Ceci peut s’expliquer par une inadaptation entre le niveau des formations proposées et les problèmes auxquels sont confrontés ces pays en termes d’urbanisme. Les formations ne sont parfois pas liées aux besoins locaux, ce qui se traduit par une déperdition dans le milieu des urbanistes chercheurs, lesquels sont tentés d’aller travailler pour des agences urbaines occidentales voire pour des grands groupes industriels.
D’ailleurs, dans les pays industrialisés, le spécialiste de la coopération urbaine nord-sud n’a plus le même profil. Il se présente, selon M. Thierry PAULAIS, comme un « médiateur », ayant des connaissances variées en droit, en urbanisme, en économie, en sciences politiques, etc. De telle
sorte que les qualifications à l’entrée dans le métier ont fortement évolué ; tandis que le travail en équipes pluridisciplinaires, de haut niveau et expérimentées, est devenu la norme.

g) La coopération Nord-Sud versus Sud-Sud ? :

Une manière de mieux comprendre les nouveaux enjeux de la coopération Nord-Sud en urbanisme, consiste à observer le phénomène de la coopération Sud-Sud. Les transferts de connaissances sont parfois intéressants et s’accompagnent d’importants financements. Cependant, il n’existe pas de parallèles possibles entre la coopération Nord-Sud et une coopération Sud- Sud ; parallèle qui permettrait de statuer sur l’efficacité de l’une par rapport à l’autre.
Ces formes de coopération n’interviennent pas à la même échelle ; et, elles sont encadrées par des dispositifs institutionnels différents.
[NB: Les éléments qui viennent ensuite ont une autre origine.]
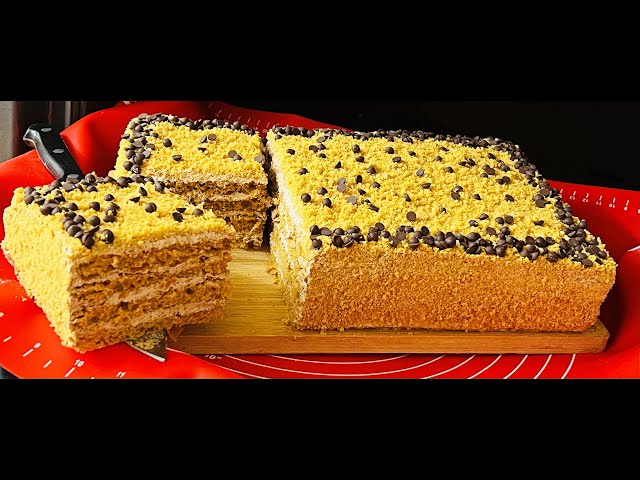 2 яйца 1 стакан муки и сгущёнка. Торт карамельная девочка. Настолько прост можно приготовить за 30 мин
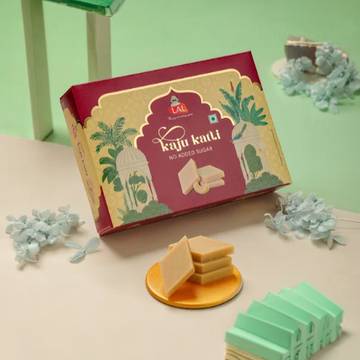 Kaju Katli by Lal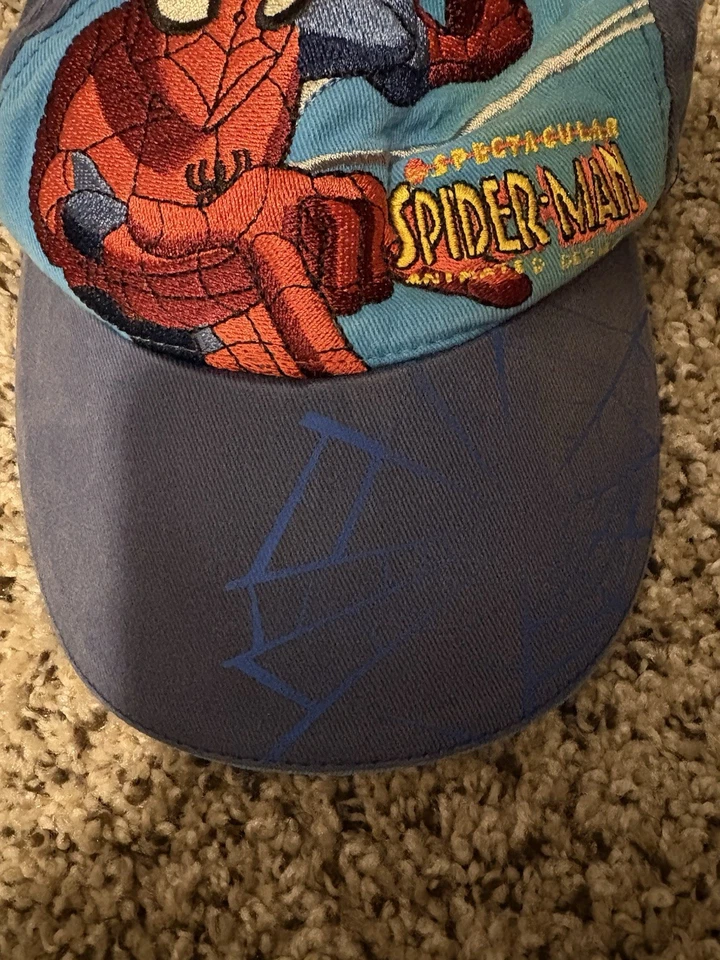 Vintage Spidernan Hat Boys - Image 4 of 4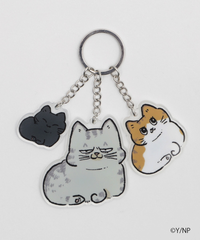 ねこに転生したおじさん×WEGOコラボアクキー1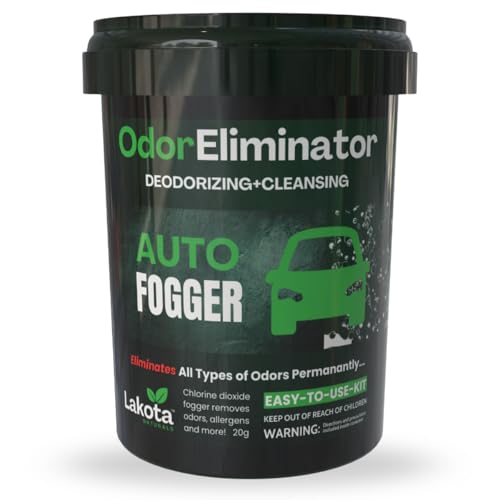 Chlorine Dioxide Fogger Deodorizing Kit
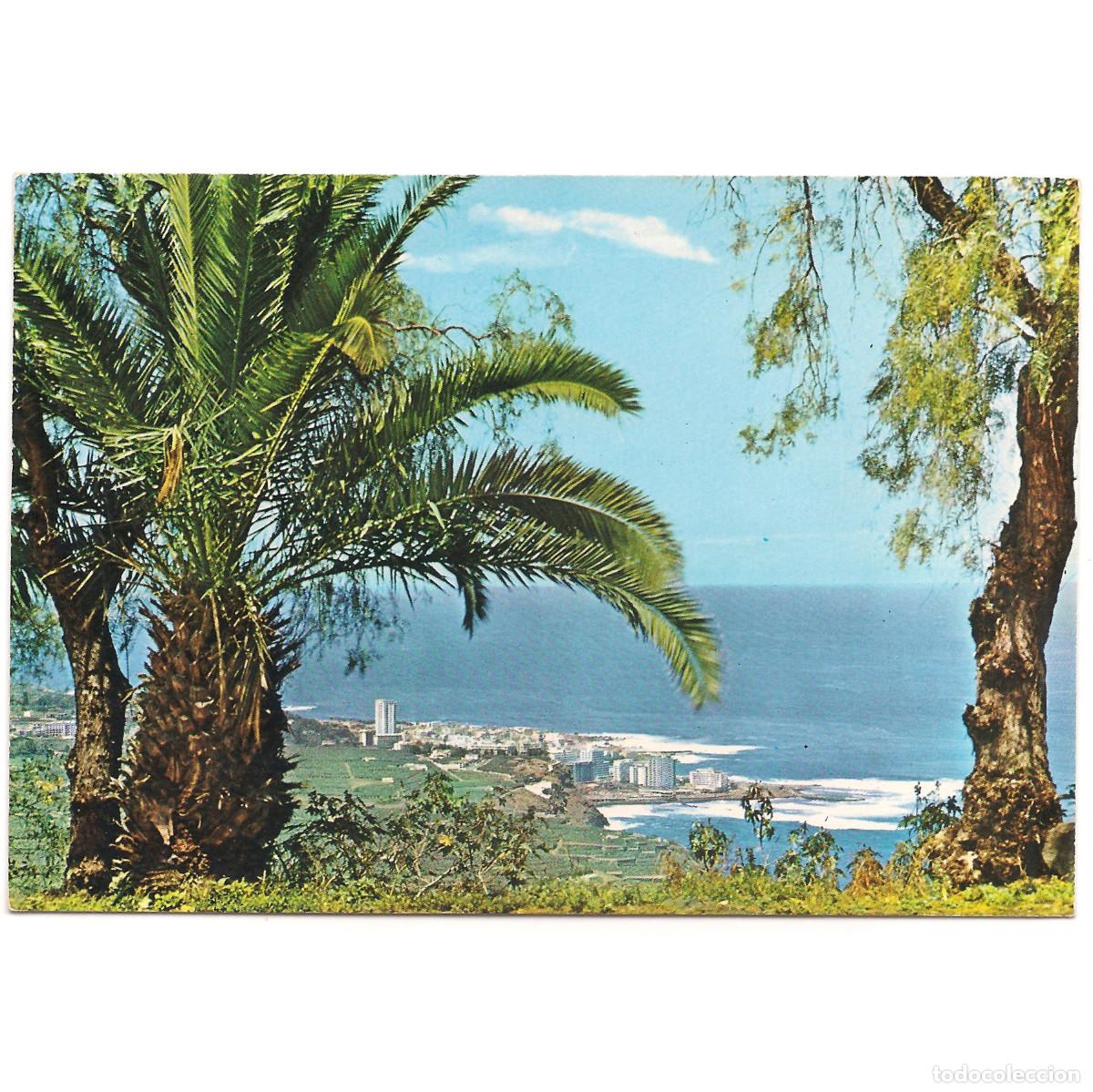 Postales: PUERTO DE LA CRUZ - VISTA PANOR&Aacute;MICA | GASTEIZ | Tenerife - Canarias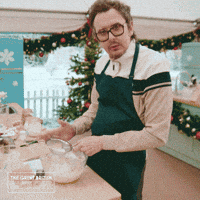 Grin Smile GIF by The Great British Bake Off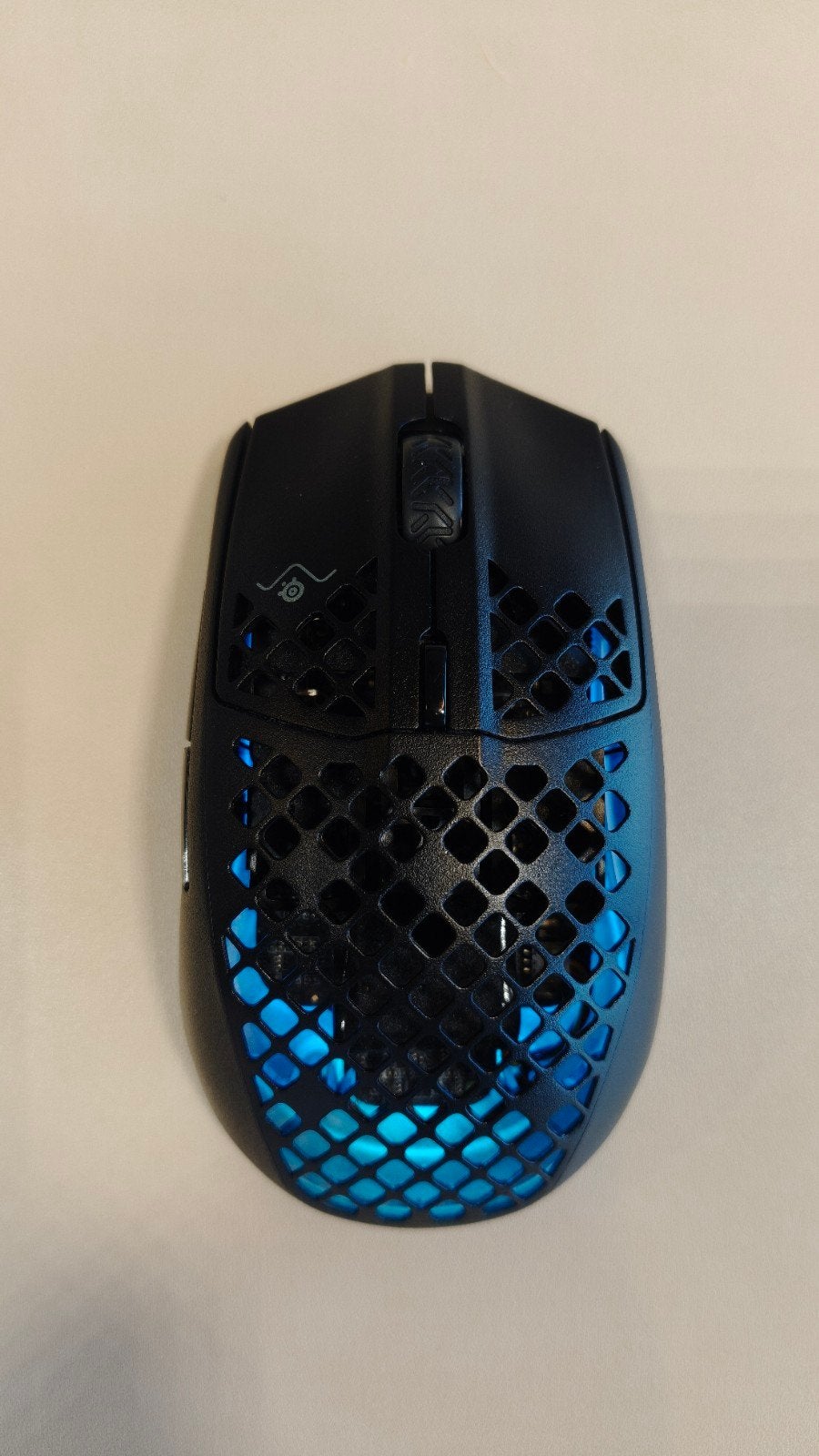 SteelSeries Aerox 3 Wireless Gaming Muis - Zo goed als nieuw, Muis, Gaming muis, Ophalen of Verzenden, Draadloos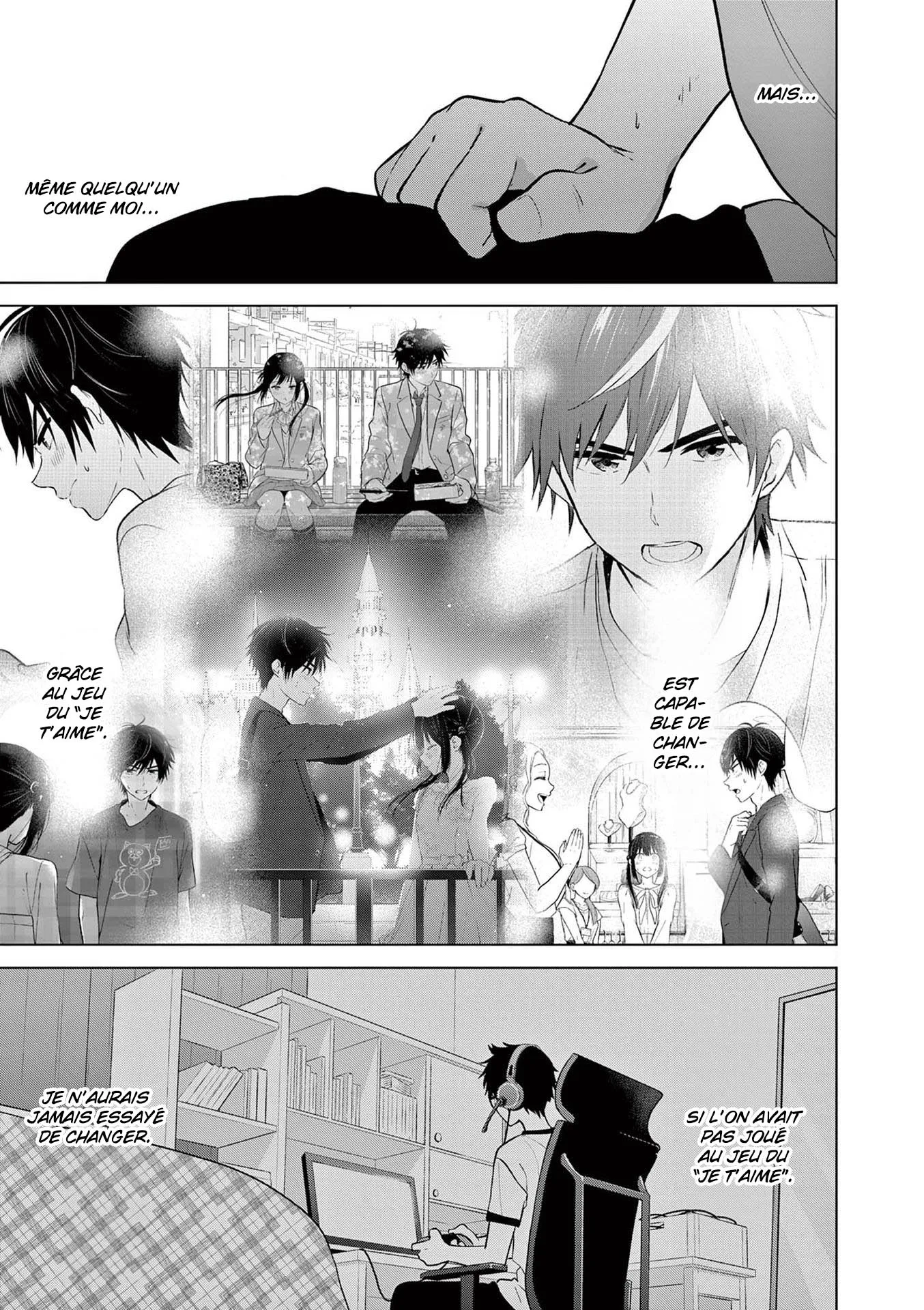 Read Aishiteru Game wo Owarasetai FR Manga Online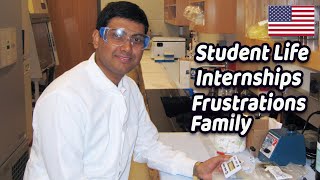 Study in USA | Leaving Family, Internships, PhD Life QnA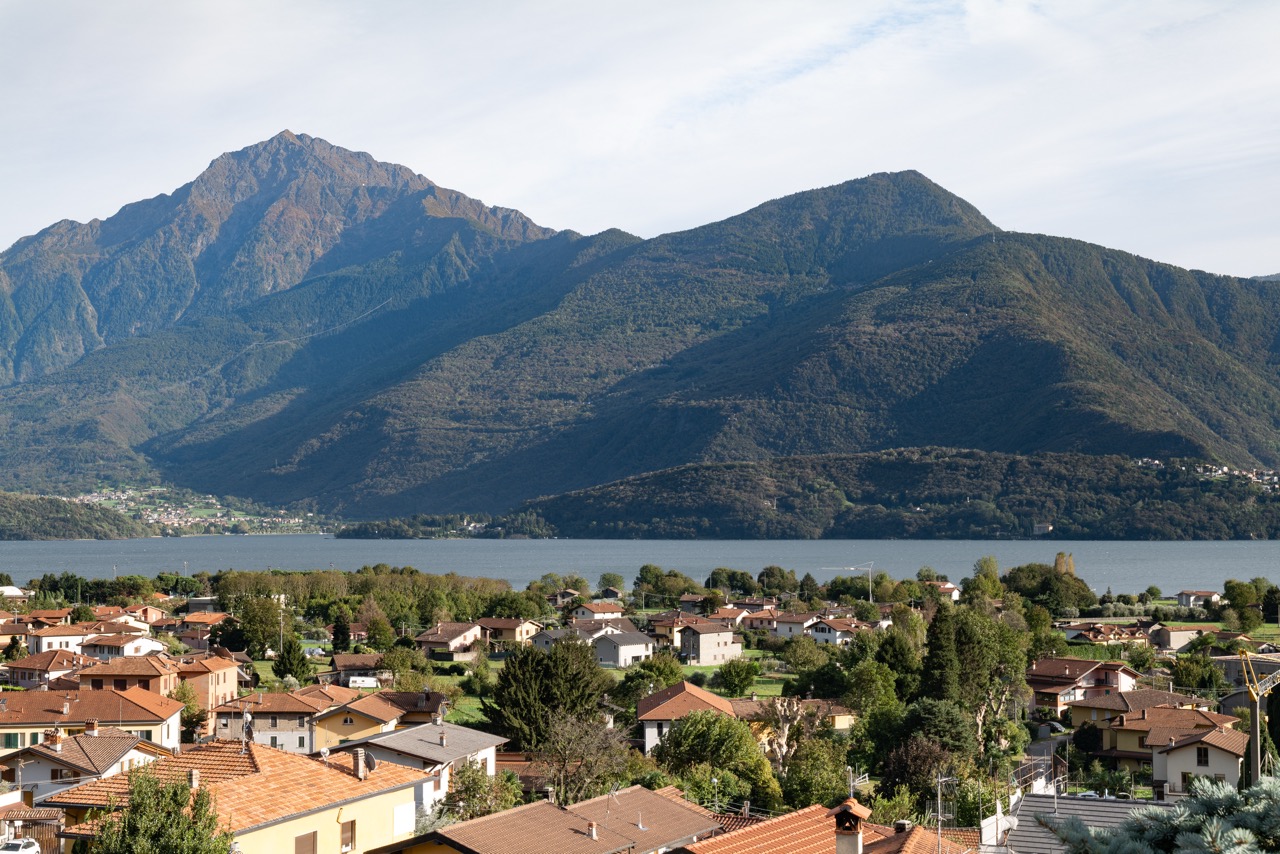 Panoramic Lake Como View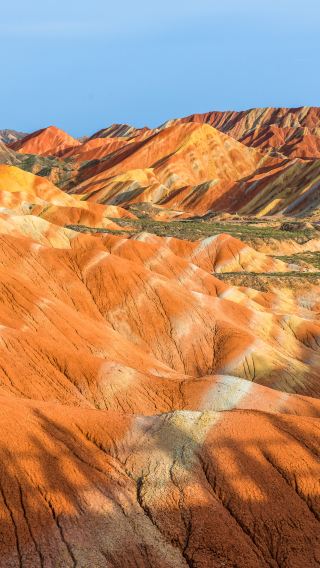 Zhangye Danxia and Pingshan Lake Grand Canyon Chartered tour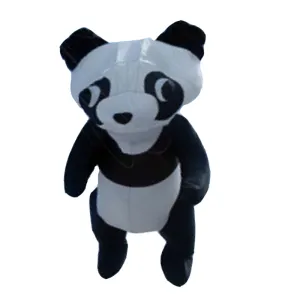 nylon panda kite pendant-couple colors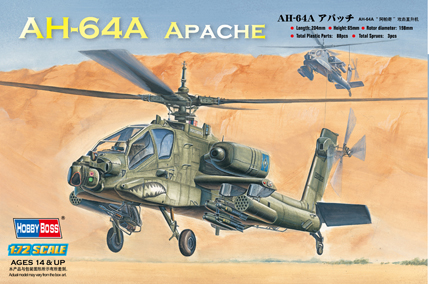 AH-64A “阿帕奇” 攻击直升机  87218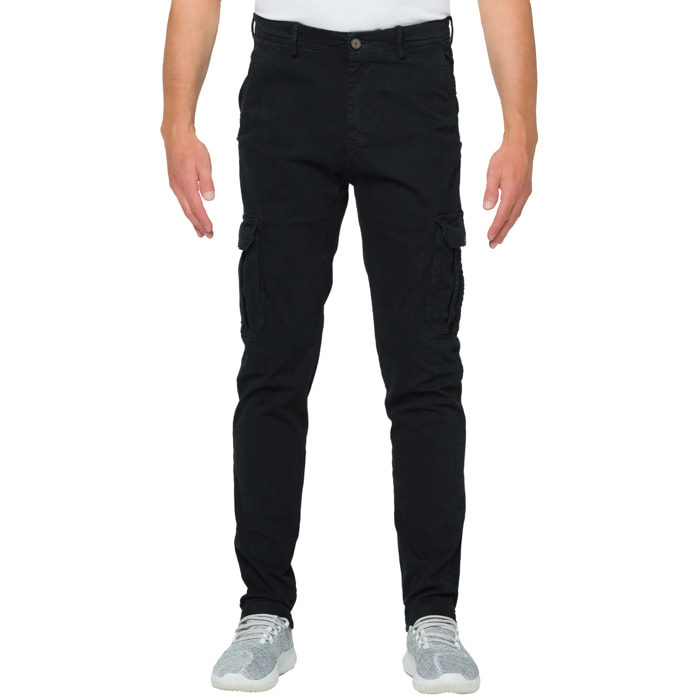 Pantalone cargo Birrabeen Nero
D’autre part, une question se pose : peut-on véritablement parler de Sud, si l’on compare des pays aussi divers que la Chine, l’Afrique du Sud, le Maroc et l’Afrique Centrale ? il faut convenir qu’il n’y a plus « un » Sud, mais « des » Sud.
Les questions ouvertes en fin de débat :
  • Des difficultés apparaissent à l’heure actuelle pour de nombreux urbanistes du Sud qui, dans un premier temps, ont vu arriver des urbanistes du Nord avec leurs certitudes, mais qui constatent que ces mêmes urbanistes se sont mis par la suite à douter. Comment les urbanistes du Sud perçoivent-ils ces doutes ?
  • Aujourd’hui il ne s’agit plus seulement de se demander pourquoi on coopère avec le Sud, mais comment on coopère, sur quels registres, avec quels types de complémentarités ? Et pour ce qui est de l’AdP – « Villes en développement », quels sont les interlocuteurs possibles : les associations ? (mais elles sont peu nombreuses), les agences urbaines ? les bureaux d’étude ?


1 Souami T. et Verdeil E. (2006), Concevoir et gérer les villes. Milieux d’urbanistes du Sud de la Méditerranée, Édition Economica/Anthropos (collection Villes), Paris.

2 Architecte – urbaniste, universitaire à l’Institut Français d’Urbanisme.

3 Géographe, chercheur au département Environnement, Ville, Société du CNRS de Lyon

4 « Expertises nomades », Géocarrefour, Vol. 80, n°3.